After Prince Mohammed’s promotion was announced, Saudi Arabia’s stock market surged more than 3 percent in early trade.
“Some people were predicting that this would lead to a division in the family and strife and some kind of revolt. I don’t see that happening,” Haykel said.
Iran, Saudi Arabia’s main rival for regional influence, called Prince Mohammed’s appointment a “soft coup”.
Iran’s leadership was critical of comments by Prince Mohammed last month that the “battle” should be taken into Iran, with Supreme Leader Ayatollah Ali Khamenei labelling the Saudi leadership then as “idiots”.
Arab leaders, including Oman’s Sultan Qaboos, Jordan’s King Abdullah, Egypt’s Abdel Fattah al-Sisi and Yemeni President Abd-Rabbu Mansour Hadi congratulated Prince Mohammed bin Salman on his appointment, according to state media.
The royal decree did not nominate a new deputy crown prince. The position is relatively new in Saudi Arabia, where kings have traditionally chosen their own successors.
In an apparent attempt to appease the family, the decree had a clause that made clear that Mohammed bin Salman won’t be allowed to appoint one of his own sons as his successor.
As deputy crown prince, Mohammed bin Salman has been responsible for running Saudi Arabia’s war in Yemen, dictating an energy policy with global implications and spearheading plans for the kingdom to build an economic future after oil.
That the royal succession in the world’s top oil exporter is closely scrutinised only makes the speed of Mohammed bin Salman’s rise to power – and the speed with which his better-known cousins were brushed aside – more astonishing.

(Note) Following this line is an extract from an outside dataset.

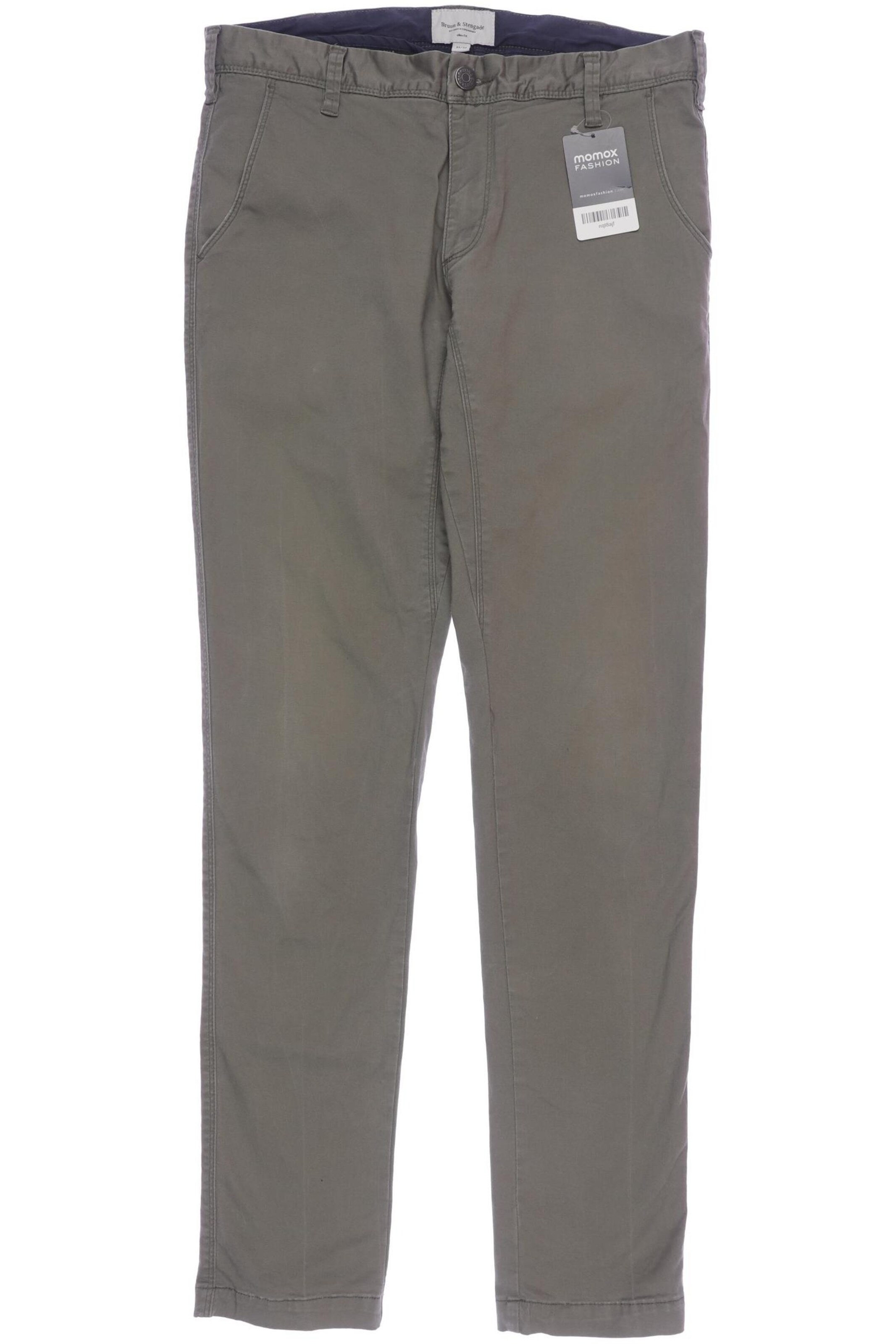 Bruun & Stengade Stoffhose 31 in Grün: Vorderseite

The announcement follows 2-1/2 years of already major changes in Saudi Arabia, which stunned allies in 2015 by launching an air war in Yemen, cutting back on lavish subsidies and proposing in 2016 the partial privatisation of state oil company Aramco.
Financial analysts said Prince Mohammed’s promotion gave further assurance that key parts of radical reforms to diversify the Saudi economy beyond oil would continue.

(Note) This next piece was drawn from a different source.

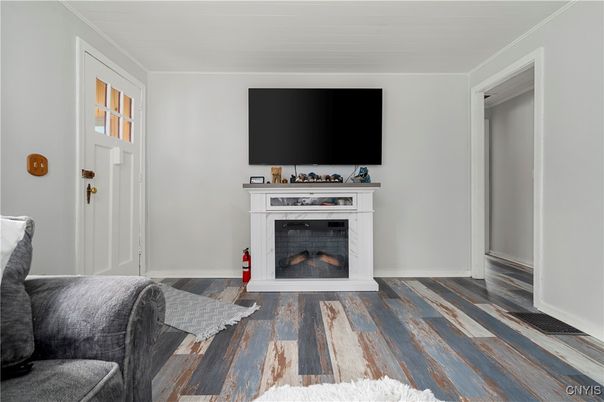 Fireplace, Interior, Wood Texture Flooring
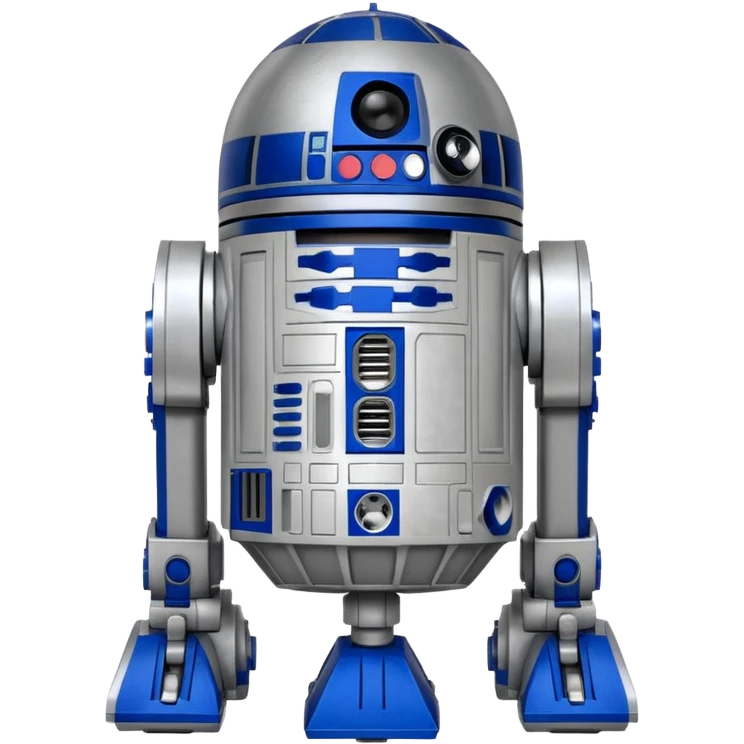 A robot R2D2 of starwars emoji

“We do not expect to see any major changes to key areas of policy, including economic,” said Monica Malik, chief economist at Abu Dhabi Commercial Bank.
Last year Mohammed bin Salman, or “MBS” as he is widely known, announced sweeping changes aimed at ending the kingdom’s reliance on oil, part of his campaign to tackle systemic challenges that the kingdom has previously failed to address.
POWER BEHIND THE THRONE
Until his father Salman bin Abdulaziz Al Saud became Saudi Arabia’s seventh king in January 2015, few people outside the kingdom had ever heard of Prince Mohammed.
He is currently defence minister, giving him command of one of the world’s biggest arms budgets and making him ultimately responsible for Saudi Arabia’s military adventure in Yemen.
He also heads the Council for Economic and Development Affairs (CEDA), a group of cabinet ministers who meet weekly and which oversees all elements of policy touching on the economy or social issues like education, health and housing.
Prince Mohammed chairs the supreme board of Aramco, making him the first member of the ruling family to directly oversee the state oil company, long regarded as the preserve of commoner technocrats.
But perhaps most importantly, he is the gatekeeper to his father, King Salman, who in Saudi Arabia’s absolute monarchy retains the final say in any major decision of state.
Outside Saudi Arabia, that rapid advance and the sudden changes to longstanding policies on regional affairs, energy and its economy have prompted unease, adding an unpredictable edge to a kingdom that allies long regarded as a known quantity.
Inside, they have prompted admiration among many younger Saudis who regard his ascent as evidence that their generation is taking a central place in running a country whose patriarchal traditions have for decades made power the province of the old.
Saudi Arabia’s main stock index was 3.4 percent higher. National Commercial Bank, the biggest listed lender, which is expected to play a major role in funding some of the non-oil industries Prince Mohammed bin Salman aims to develop, jumped 10 percent.